Prompt – Skipping the images, transcribe each record below as it is.

Dataset entries –
---

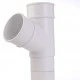 White - 112° Branch - uPVC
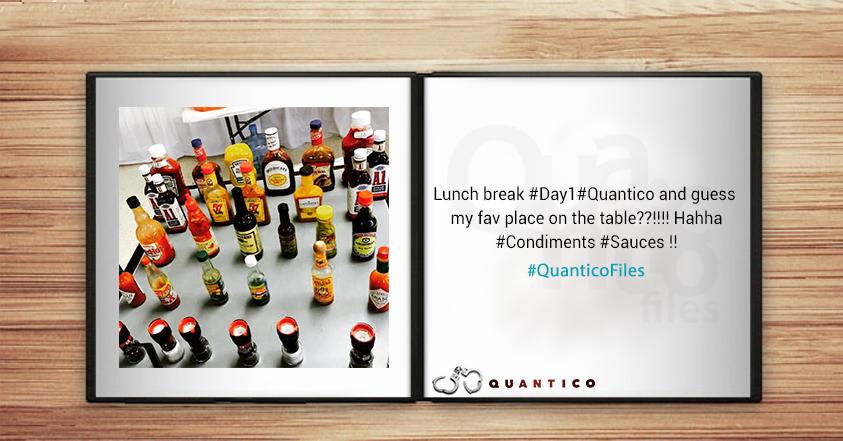 TeamPriyanka's tweet photo. Sometimes being spoilt for choices is good, specially when it comes to food... #QuanticoFiles http://t.co/Hw7NP8YEks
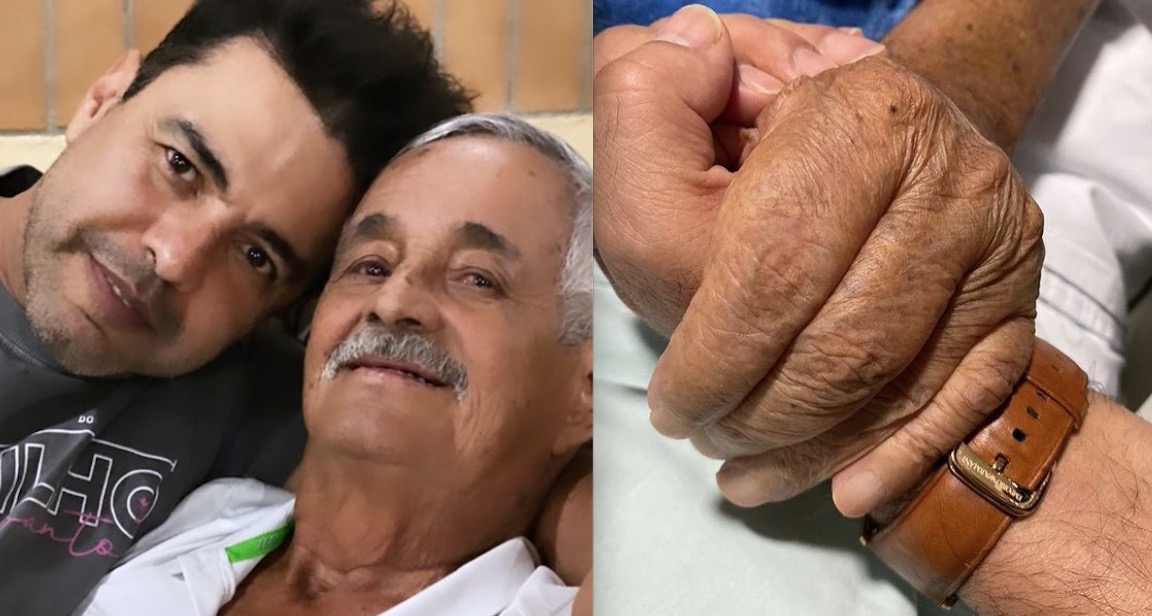 Zezé Di Camargo se despede do pai em texto emocionante: 'Peço perdão'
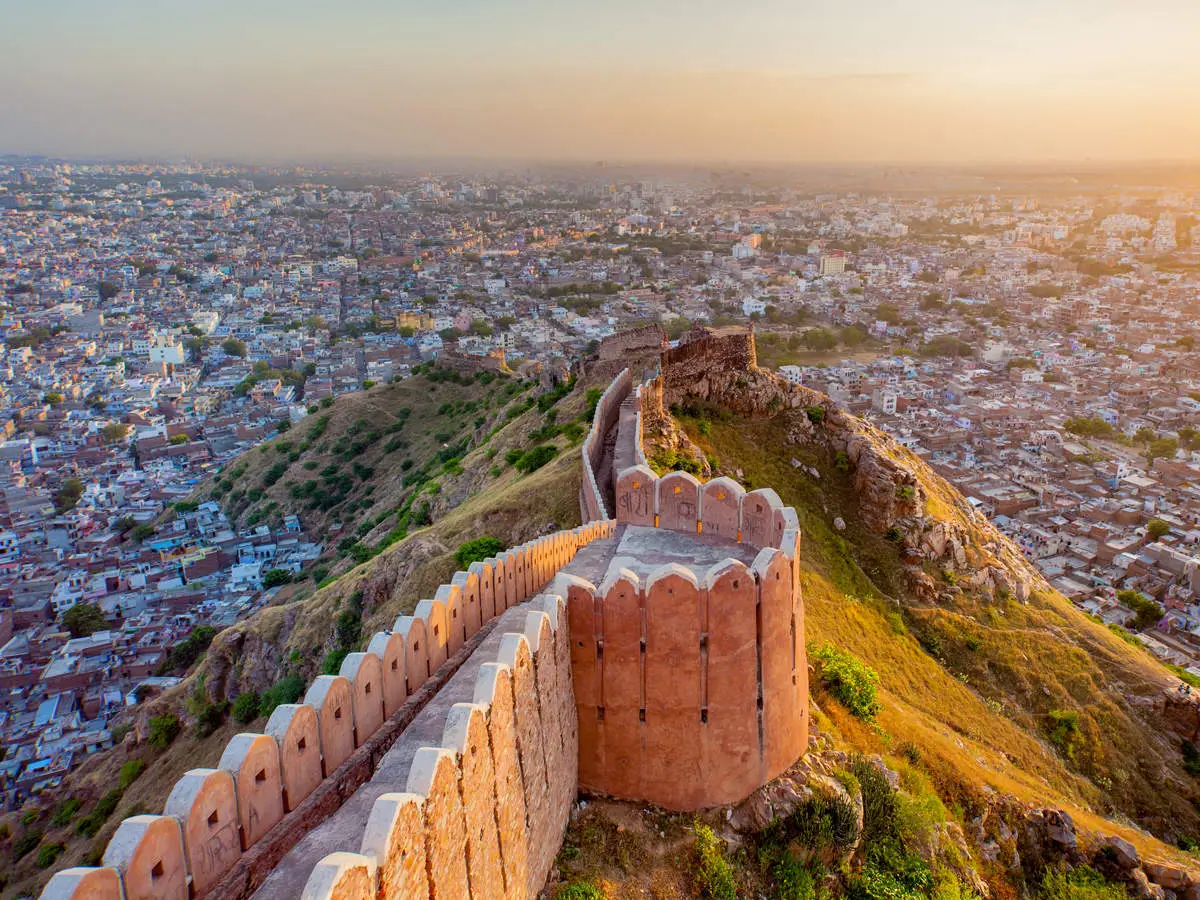 Jaipur Fort by Black Taxi India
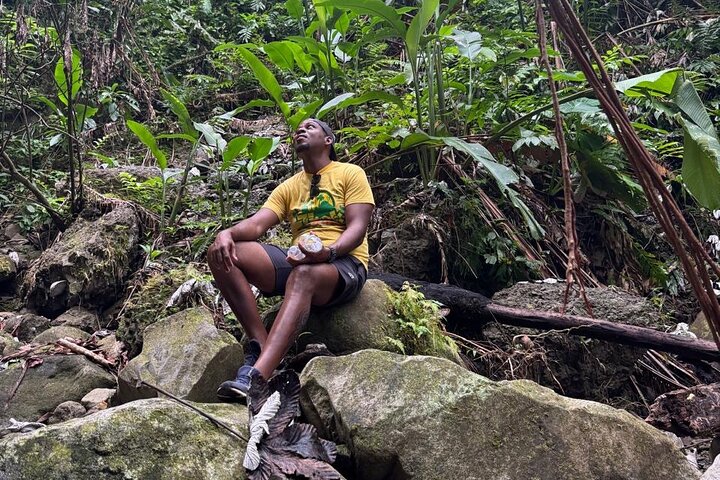 Scenic Hiking Trail Adventure of Montserrat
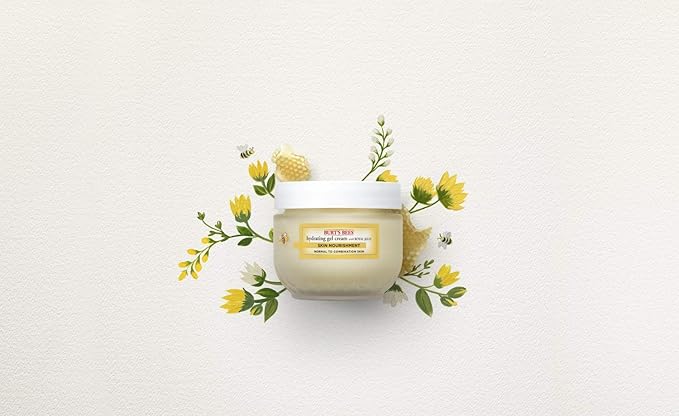 Burt's Bees Skin Nourishment Hydrating Gel Cream for Normal to Combination Skin, 1.8 Oz (Package May Vary)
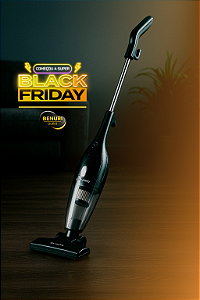 Aspirador de pó - 2 em 1 - 1000w - Vertical - Agratto - Preto (127v)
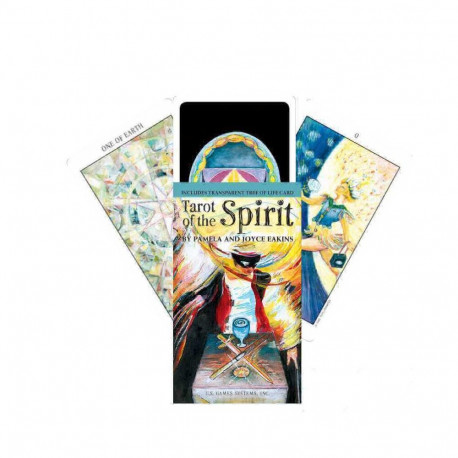 Us Games Systems Tarot Of The Spirit Cards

---

Solution for this exercise –
 White - 112° Branch - uPVC
 TeamPriyanka's tweet photo. Sometimes being spoilt for choices is good, specially when it comes to food... #QuanticoFiles http://t.co/Hw7NP8YEks
 Zezé Di Camargo se despede do pai em texto emocionante: 'Peço perdão'
 Jaipur Fort by Black Taxi India
 Scenic Hiking Trail Adventure of Montserrat
 Burt's Bees Skin Nourishment Hydrating Gel Cream for Normal to Combination Skin, 1.8 Oz (Package May Vary)
 Aspirador de pó - 2 em 1 - 1000w - Vertical - Agratto - Preto (127v)
 Us Games Systems Tarot Of The Spirit Cards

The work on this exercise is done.